All 11 crew were quickly accounted for but frantic scenes saw chase boats from rival teams come in to assist a salvage operation that went on well into the evening. Flotation devices and support vessels had to be attached to the boat to keep it above the surface, with pumps used to remove water from the hull.

“We ended up with 16 pumps inside the boat and two airplane style life rafts that we wrapped underneath the bow of the boat and inflated them,” said Hutchinson, a veteran of four America’s Cup campaigns. “That really stopped the bleeding.”

Video footage of ‘Patriot’ when it was finally lifted out of the water at close to 10pm local time revealed a huge hole in the underside of the hull.
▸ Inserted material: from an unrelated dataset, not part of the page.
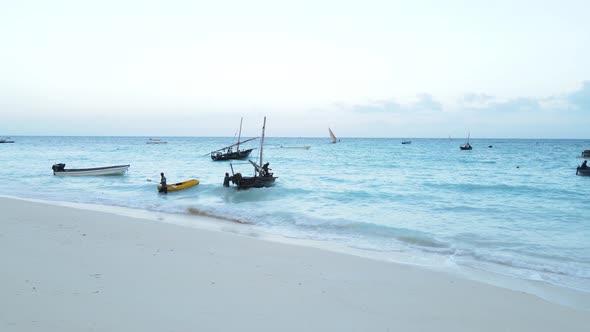 Zanzibar Tanzania  Boats on Ocean Water Near the Shore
Hutchinson said the panel had been “guillotined” by the support structure inside the boat.

“I think the easiest part of it is probably rebuilding it,” he added. “The hardest part is getting electronics on the inside up to speed. We are fortunate that we got both batteries out of the boat. We’re fortunate that all the hydraulic fluid inside the yacht stayed inside the yacht - it’s a closed system. We’re thankful none of that stuff ended up in the Gulf.”
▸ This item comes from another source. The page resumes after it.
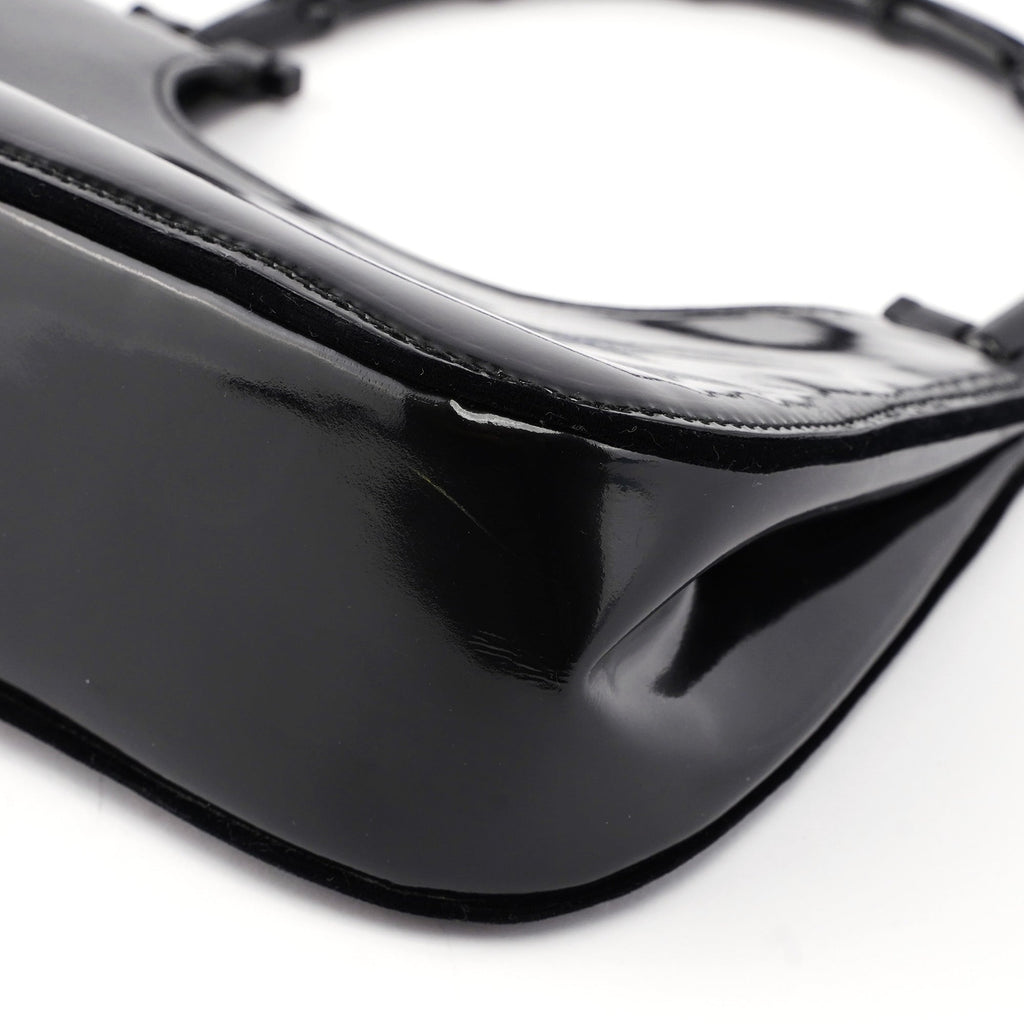 005 0776 Black Patent Leather Bamboo Shoulder Bag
Hutchinson said the team would now try to make it back for the semi-finals of the Prada Cup on Jan 29, which will be against either Ineos Team UK or Luna Rossa.

Ineos currently lead the round robin series with four points to Luna Rossa’s two points. The winner of the round robin will automatically qualify for the Prada Cup final (first to seven race wins).

“We have 11 days,”Hutchinson said, adding that the team may use “bits and pieces” from Defiant to rebuild Patriot. “She may not come out of the shed that pretty, but she’s going to come out the shed to get back into racing.”

Hutchinson concluded by thanking his rivals once again for their assistance - Team New Zealand even brought pizzas out to the rescue site, which was 10 miles from the team’s base. He also stressed the team in no way blamed helmsman Dean Barker for the decision to tack-bear away.

British sailor Paul Goodison, a wing trimmer on the boat, could be heard over the team communications shortly before the capsize warning that it would be difficult to carry out the manoeuvre safely. But Hutchinson said he was happy with the decision, with no way of knowing that the wind would rise suddenly to 23 knots.

“From 18 to 23 knots the time was about three seconds,” he said. “Had we taken the right turn and a lazy gybe we probably would've hooked into it and we wouldn't be having this conversation. But you don't know. And when we make the decision we make the decision and we live and die by those decisions.

“Dean made the correct decision to tack around the left gate, keep us in the pressure and just try to deliver us down to the finish. We got hit by a reasonably big gust.”

Barker, a New Zealand sailor, was famously on the helm when New Zealand lost an 8-1 lead to Oracle Team USA in the 34th Cup in San Francisco. Hutchinson said the team would rally around him, adding that he did not see an issue with his own role on the boat, being both tactician and grinder. Giles Scott, Ainslie’s tactician on the Ineos boat, has a much freer role by contrast.

“I have complete faith in Andrew and Goody and Dean,” Hutchinson said. “I was seeing what Dean saw which was that there was a truck load of wind coming down the left side and it was right to be on that side.

“I think we win as a team and lose as a team. Dean has a bit of ice in his veins which is what the boat requires. I will always encourage him not to take his foot off the pedal. As a team we have the utmost confidence in his abilities. There’s no one I’d rather have on the wheel.”

With American Magic not sailing this weekend, there will be just two races – one on Friday and one on Sunday –between Ineos Team UK and Luna Rossa.

Should Ineos win either race, they will go through to the Prada Cup final automatically, with Italy facing the United States in a first-to-four semi-final.

Should Luna Rossa win both races, they and Ineos would be tied on 4 points apiece but the Italians would progress on countback, leaving Ineos to face American Magic in the semi-final.